__Assigned task__.
Should a line below contain the word "show", report it.

__Available records__.
* * *
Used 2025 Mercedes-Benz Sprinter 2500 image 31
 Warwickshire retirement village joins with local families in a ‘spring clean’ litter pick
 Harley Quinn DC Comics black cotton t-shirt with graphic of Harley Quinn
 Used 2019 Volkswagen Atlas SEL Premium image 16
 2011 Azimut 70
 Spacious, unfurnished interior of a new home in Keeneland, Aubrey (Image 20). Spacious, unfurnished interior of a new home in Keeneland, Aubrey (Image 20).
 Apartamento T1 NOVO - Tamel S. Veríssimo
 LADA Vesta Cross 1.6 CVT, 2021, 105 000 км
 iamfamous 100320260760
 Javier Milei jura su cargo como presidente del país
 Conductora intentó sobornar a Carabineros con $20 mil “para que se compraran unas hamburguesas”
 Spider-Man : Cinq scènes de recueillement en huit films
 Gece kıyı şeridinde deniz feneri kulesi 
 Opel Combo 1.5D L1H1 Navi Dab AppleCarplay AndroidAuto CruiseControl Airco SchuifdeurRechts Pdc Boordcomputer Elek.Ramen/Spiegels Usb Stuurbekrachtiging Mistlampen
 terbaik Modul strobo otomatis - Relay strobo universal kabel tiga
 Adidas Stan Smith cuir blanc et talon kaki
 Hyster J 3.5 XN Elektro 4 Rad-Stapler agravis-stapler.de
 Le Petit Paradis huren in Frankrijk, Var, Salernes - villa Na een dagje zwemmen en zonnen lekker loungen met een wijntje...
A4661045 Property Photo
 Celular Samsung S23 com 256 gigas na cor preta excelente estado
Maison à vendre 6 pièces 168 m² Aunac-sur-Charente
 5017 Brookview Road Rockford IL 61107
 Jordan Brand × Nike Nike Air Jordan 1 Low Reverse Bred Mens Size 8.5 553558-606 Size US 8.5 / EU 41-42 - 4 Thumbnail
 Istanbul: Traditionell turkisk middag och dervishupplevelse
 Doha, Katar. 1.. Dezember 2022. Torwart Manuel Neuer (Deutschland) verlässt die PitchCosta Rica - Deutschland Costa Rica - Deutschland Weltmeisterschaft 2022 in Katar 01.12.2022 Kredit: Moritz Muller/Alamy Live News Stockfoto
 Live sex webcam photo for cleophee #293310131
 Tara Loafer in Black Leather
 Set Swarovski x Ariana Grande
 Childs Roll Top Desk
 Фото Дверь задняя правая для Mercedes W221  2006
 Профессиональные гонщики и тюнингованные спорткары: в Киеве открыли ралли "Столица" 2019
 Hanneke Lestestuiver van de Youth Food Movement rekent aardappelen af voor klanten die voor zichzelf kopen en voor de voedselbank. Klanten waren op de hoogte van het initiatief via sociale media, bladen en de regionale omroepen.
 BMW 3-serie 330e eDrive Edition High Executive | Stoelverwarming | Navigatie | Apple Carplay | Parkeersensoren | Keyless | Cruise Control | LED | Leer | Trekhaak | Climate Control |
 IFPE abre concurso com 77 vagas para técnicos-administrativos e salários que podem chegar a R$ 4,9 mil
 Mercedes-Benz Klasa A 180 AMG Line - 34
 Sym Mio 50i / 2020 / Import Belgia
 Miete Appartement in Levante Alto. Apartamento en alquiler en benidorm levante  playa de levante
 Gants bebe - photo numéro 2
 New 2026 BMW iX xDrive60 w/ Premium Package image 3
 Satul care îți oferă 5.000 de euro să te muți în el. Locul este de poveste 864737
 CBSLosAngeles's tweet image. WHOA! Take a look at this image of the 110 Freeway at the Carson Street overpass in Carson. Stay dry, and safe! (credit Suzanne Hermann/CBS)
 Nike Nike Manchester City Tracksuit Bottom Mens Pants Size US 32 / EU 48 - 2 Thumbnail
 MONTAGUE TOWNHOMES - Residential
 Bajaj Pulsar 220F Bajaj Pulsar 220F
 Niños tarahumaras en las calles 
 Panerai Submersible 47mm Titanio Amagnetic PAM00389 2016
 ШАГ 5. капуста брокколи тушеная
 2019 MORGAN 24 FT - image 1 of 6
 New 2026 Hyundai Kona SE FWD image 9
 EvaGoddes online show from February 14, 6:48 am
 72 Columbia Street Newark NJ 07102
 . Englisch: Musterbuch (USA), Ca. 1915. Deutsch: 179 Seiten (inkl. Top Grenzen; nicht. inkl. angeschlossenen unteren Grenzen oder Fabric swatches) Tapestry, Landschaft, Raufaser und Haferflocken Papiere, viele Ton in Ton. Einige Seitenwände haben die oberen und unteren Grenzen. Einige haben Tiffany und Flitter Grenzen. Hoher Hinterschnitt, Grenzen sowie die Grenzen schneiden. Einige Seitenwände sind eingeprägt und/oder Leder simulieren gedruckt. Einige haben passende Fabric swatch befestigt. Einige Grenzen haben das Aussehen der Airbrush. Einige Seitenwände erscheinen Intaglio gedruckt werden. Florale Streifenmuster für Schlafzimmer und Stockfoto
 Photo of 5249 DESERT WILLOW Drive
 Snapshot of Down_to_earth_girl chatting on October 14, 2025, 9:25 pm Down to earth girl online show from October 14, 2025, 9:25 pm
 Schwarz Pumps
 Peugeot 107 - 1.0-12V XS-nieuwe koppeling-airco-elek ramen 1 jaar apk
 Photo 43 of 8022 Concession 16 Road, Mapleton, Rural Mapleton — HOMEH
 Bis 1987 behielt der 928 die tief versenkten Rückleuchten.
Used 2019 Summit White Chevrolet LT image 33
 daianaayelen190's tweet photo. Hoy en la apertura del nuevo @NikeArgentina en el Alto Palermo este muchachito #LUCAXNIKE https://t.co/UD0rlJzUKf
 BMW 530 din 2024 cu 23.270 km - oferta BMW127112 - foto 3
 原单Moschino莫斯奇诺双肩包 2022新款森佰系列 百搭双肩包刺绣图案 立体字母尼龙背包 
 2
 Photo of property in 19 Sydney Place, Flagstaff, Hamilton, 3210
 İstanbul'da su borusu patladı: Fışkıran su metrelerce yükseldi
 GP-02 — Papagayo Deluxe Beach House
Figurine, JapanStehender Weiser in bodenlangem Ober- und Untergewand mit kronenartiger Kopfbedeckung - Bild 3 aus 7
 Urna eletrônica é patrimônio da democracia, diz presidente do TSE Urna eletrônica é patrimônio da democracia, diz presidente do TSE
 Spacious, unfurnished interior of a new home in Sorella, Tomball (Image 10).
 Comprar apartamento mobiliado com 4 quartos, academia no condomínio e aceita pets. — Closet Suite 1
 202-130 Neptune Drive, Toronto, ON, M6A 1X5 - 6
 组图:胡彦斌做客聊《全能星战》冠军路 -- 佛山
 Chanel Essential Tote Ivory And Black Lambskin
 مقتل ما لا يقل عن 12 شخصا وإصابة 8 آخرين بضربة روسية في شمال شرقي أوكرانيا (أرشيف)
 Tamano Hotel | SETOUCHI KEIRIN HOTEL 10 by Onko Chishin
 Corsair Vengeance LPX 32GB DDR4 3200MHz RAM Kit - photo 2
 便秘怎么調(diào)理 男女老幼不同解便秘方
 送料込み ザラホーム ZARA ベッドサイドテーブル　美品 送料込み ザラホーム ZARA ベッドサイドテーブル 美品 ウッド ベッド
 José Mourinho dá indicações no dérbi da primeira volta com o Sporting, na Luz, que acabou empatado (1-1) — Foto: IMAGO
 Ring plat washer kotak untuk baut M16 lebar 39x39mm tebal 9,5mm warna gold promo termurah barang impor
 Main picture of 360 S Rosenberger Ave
* * *
__Answer box__.
 EvaGoddes online show from February 14, 6:48 am
 Snapshot of Down_to_earth_girl chatting on October 14, 2025, 9:25 pm Down to earth girl online show from October 14, 2025, 9:25 pm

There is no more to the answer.